T.S. Eliot declared April “the cruelest month” in the long, boring and aptly titled poem “The Waste Land,” which ranks second to Silas Marner as the biggest waste of my time in high school English. That’s just my humble opinion; you can disagree and I won’t be angry.

Indeed it has been a pretty cruel month in the past. Both the American Revolution and the War for Southern Independence began in April. Lincoln was assassinated in April. The San Francisco earthquake was in April. The Titanic sunk in April. It was in April that Janet Reno and Bill Clinton ignored the First Amendment freedom of religion and ordered the attack on the Branch Davidian cult near Waco , Texas , resulting in a bunch of dead children and their parents. A couple of years later, some right-wing nuts got their revenge in April by blowing up a federal building in Oklahoma City, also killing a whole bunch of people. The Columbine high school massacre was in April.

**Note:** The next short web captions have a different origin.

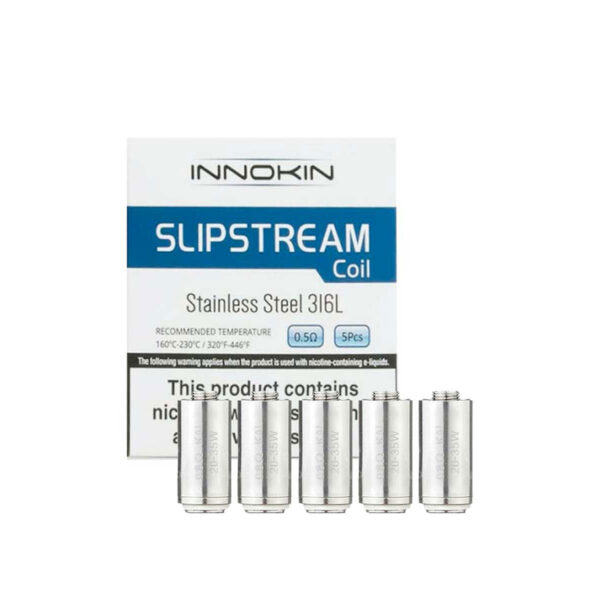 Available at dispergo vaping uk, Innokin slipstream coil 5pcs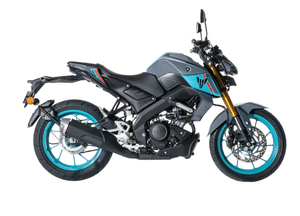 Moto MT15 155CC OBD2 Ice Fluo Vermillion provenant de l'inde - Product Image 5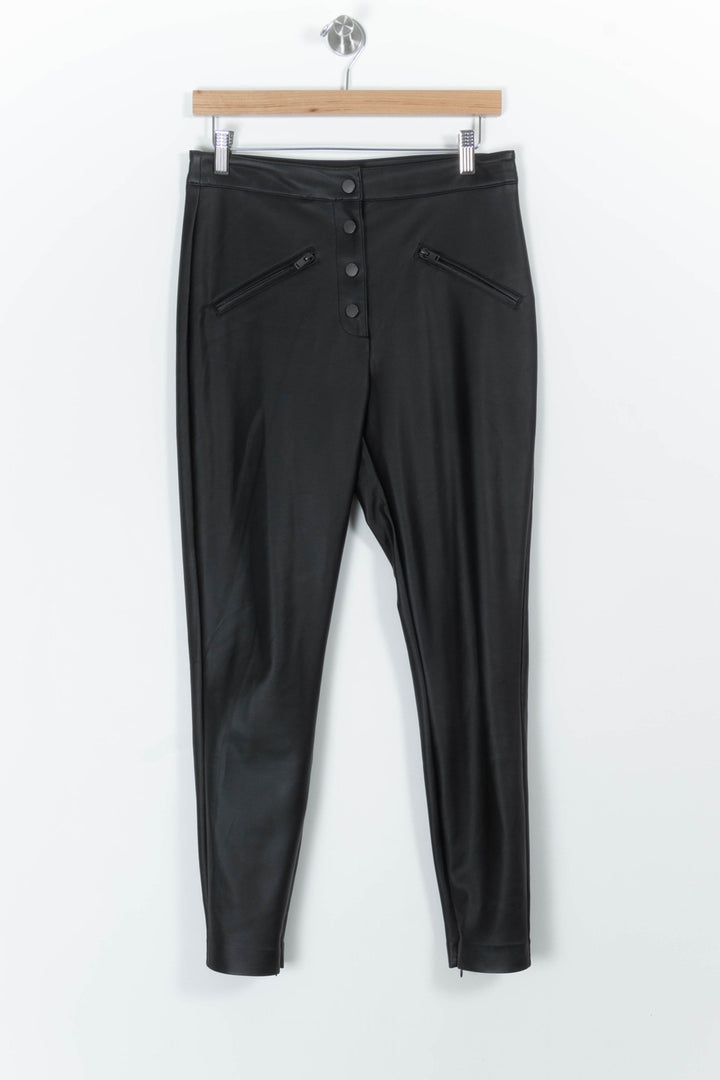 Pantalon Noir - Taille M/38 de la marque IKKS | PARAD99301 - Vendu par Paradigme - Image 2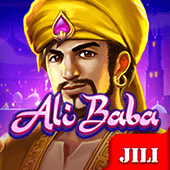 Ali Baba slot art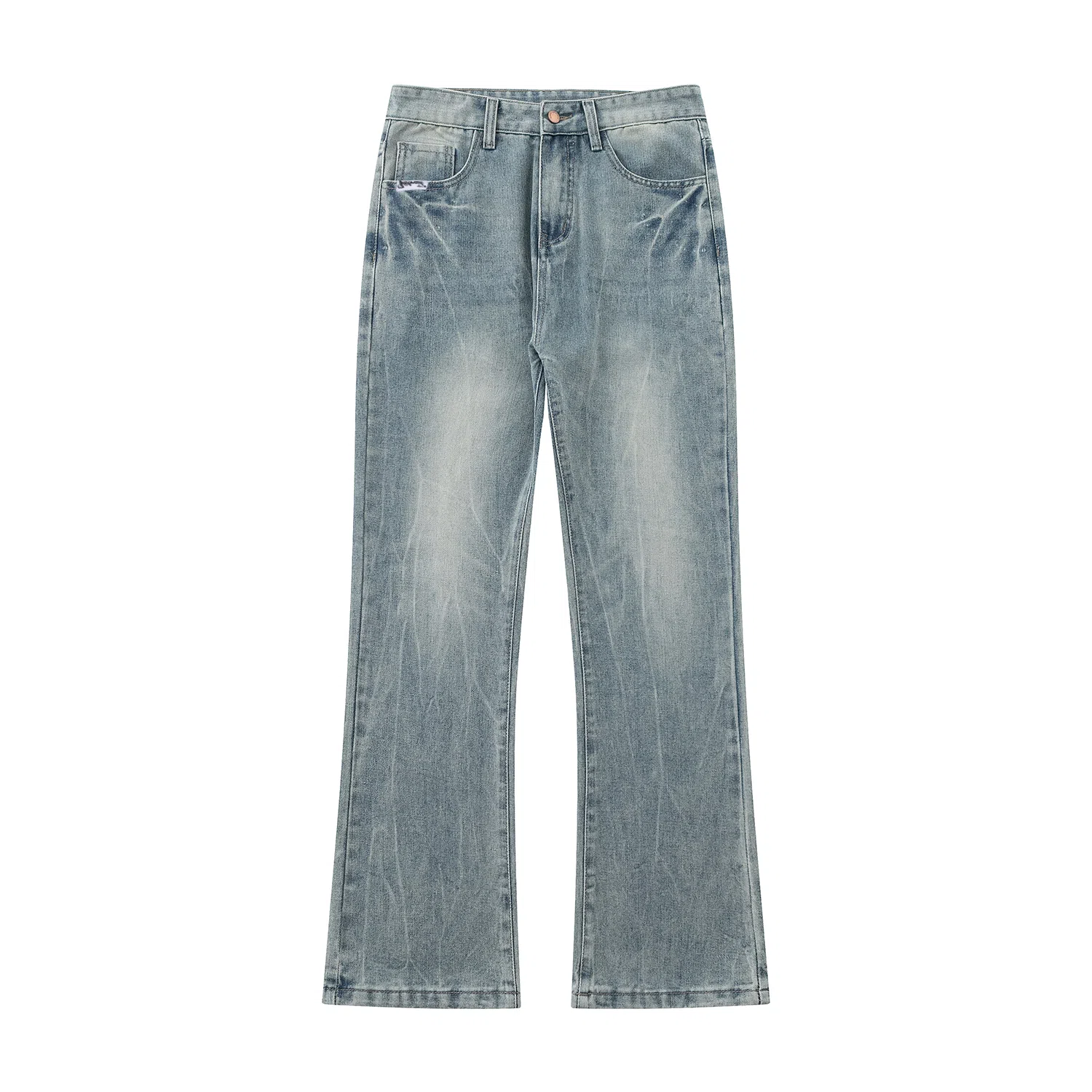 30BRAID Vintage Lightning Denim Pants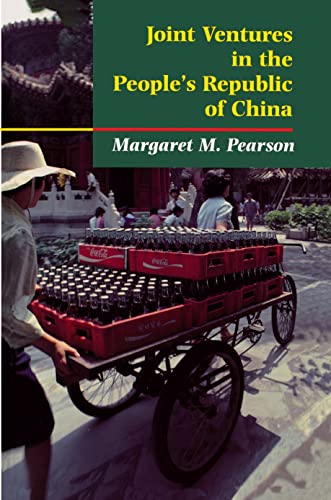 Stock image for Joint Ventures in the People's Republic of China : The Control of Foreign Direct Investment under Socialism for sale by Better World Books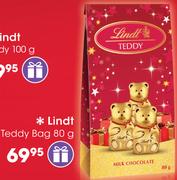 Lindt Teddy Bag-80g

Let’s change the subject from war and death to something better, something like jokes and poetry, for April is also National Humor Month and National Poetry Month. I don’t know who declared it to be so; maybe it was Congress.

In honor of National Humor Month, here’s a joke I heard recently: “Two good old Ozarks boys are drinking coffee at a diner when one says to the other, “My wife gave me the best birthday present I could ask for yesterday, a brand-new, top-of-the-line hearing aid.” The other old boy says, “What kind is it?” And the first one looks at his watch and says, “It’s 2:30.”

Well, it’s kind of funny.

In honor of National Poetry Month, here’s a poem I recently wrote in honor of the April 1 Vichy volunteer fire department benefit dinner:

The doctor says I’m way too fat
and need to be much thinner.
He put me on a diet and said to eat
no more than a tiny fishin’ minner.
And I know the Bible says the pork-pig
is good only for a low-down pagan sinner,
But I'll always think the sweetest words in English
are: “All-you-care-to-eat whole hog sausage dinner.”

If you don’t think that’s pure poetry (and you really shouldn’t) I’ll just encourage you to continue reading this month’s issue where somewhere you’ll find some mighty fine poetry, better than anything either I or T.S. Eliot could come up with. I’ll also encourage you to pick up a pencil and piece of paper and write your own poem and send it to me.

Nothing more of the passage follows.